── Excerpted records ──

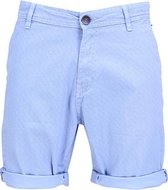 DNR  Short - 76928-1306.1 Blauw (Maat: 58)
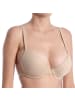 Lormar Push-Up-BH in Beige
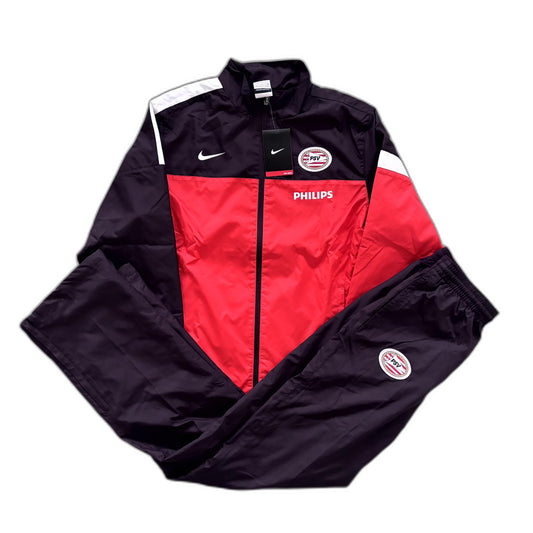 Nike x PSV Vintage Tracksuit 2011/12 NEU | S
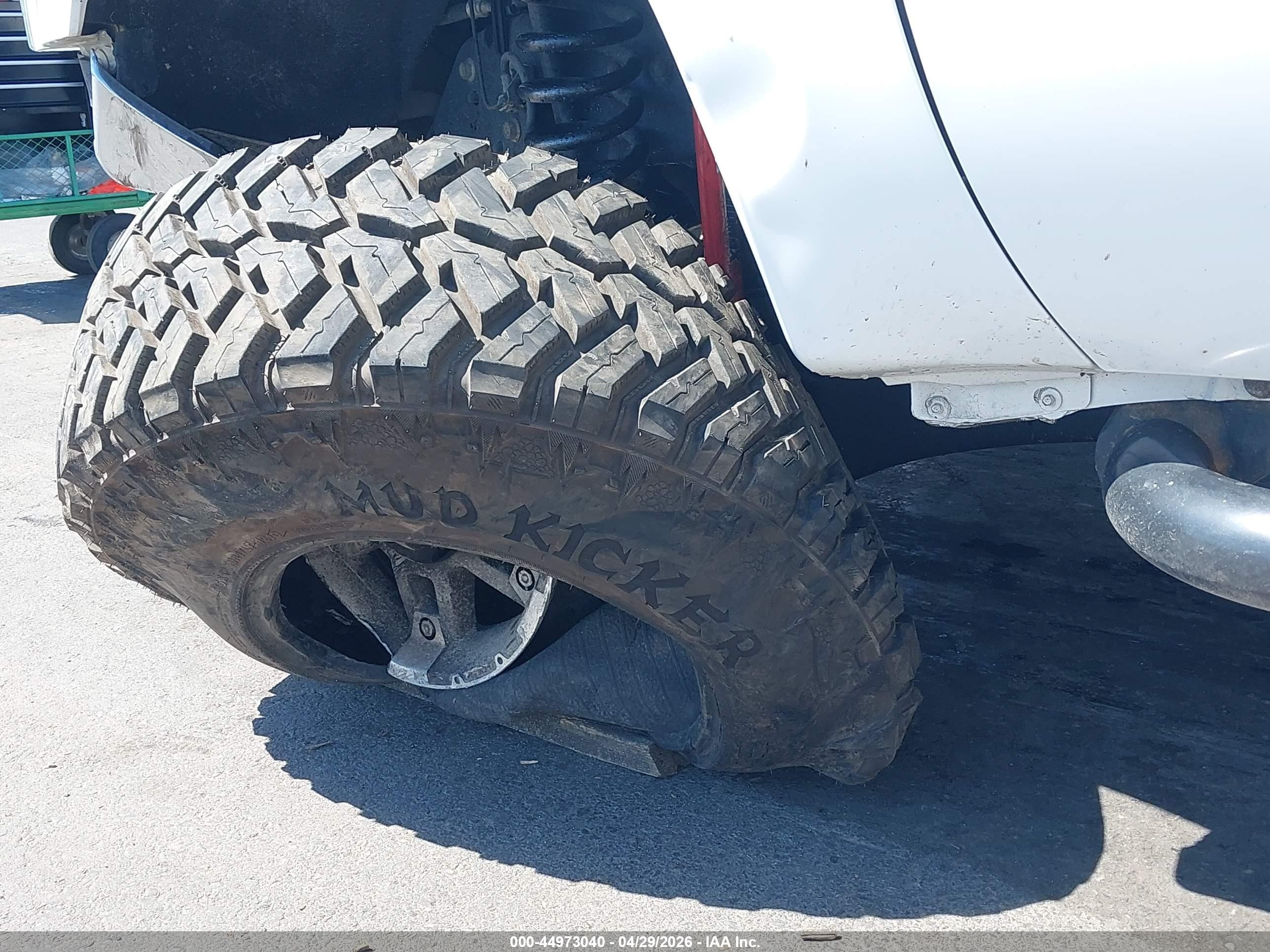 2014 Ford F-250 Xl White vin: 1FTBF2BT1EEB02363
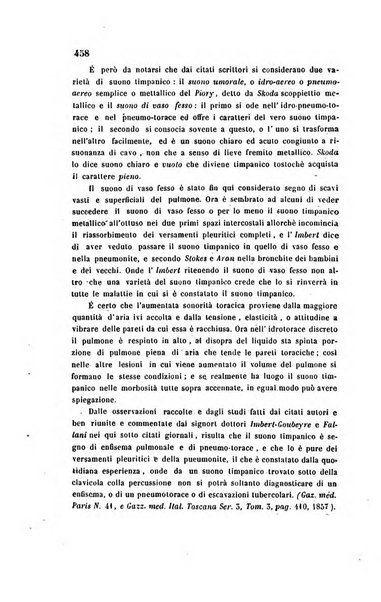 Bullettino delle scienze mediche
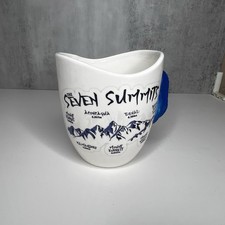 Rockdip Rock Climbing Mug  -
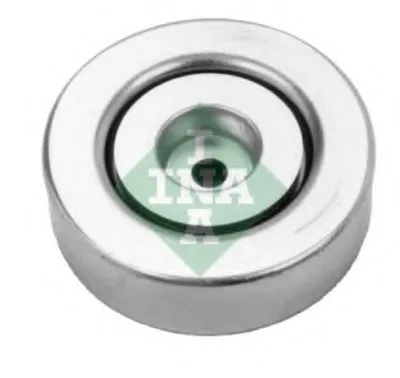 Паразитный / ведущий ролик, поликлиновой ремень INA купить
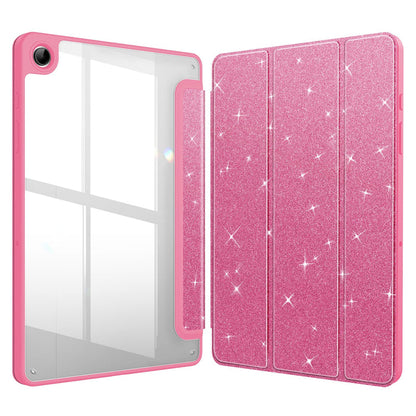 Glitter Pink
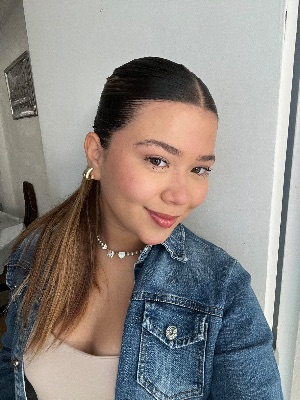 Foto de María Cermeño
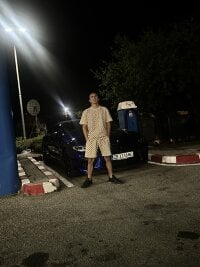 AnonymousSexking's webcam live show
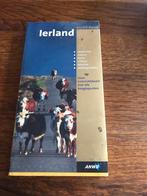 Reisgids Ierland, Boeken, Ophalen of Verzenden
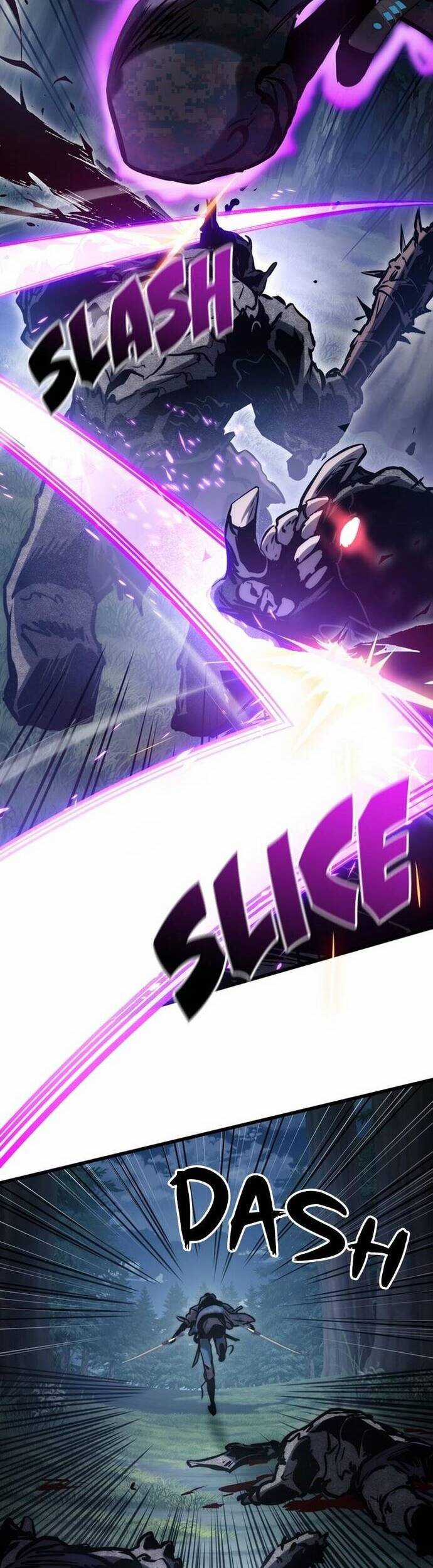 Đồ Long Chapter 80 trang 17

───

## What this task involves
Give an exact copy of the entries, excluding all pictures.

## Response to this exercise
 DNR  Short - 76928-1306.1 Blauw (Maat: 58)
 Lormar Push-Up-BH in Beige
 Nike x PSV Vintage Tracksuit 2011/12 NEU | S
 2014 Ford F-250 Xl White vin: 1FTBF2BT1EEB02363
 Bullettino delle scienze mediche
 Rockdip Rock Climbing Mug  -
 Паразитный / ведущий ролик, поликлиновой ремень INA купить
 Glitter Pink
 Foto de María Cermeño
 AnonymousSexking's webcam live show
 Reisgids Ierland, Boeken, Ophalen of Verzenden
 Đồ Long Chapter 80 trang 17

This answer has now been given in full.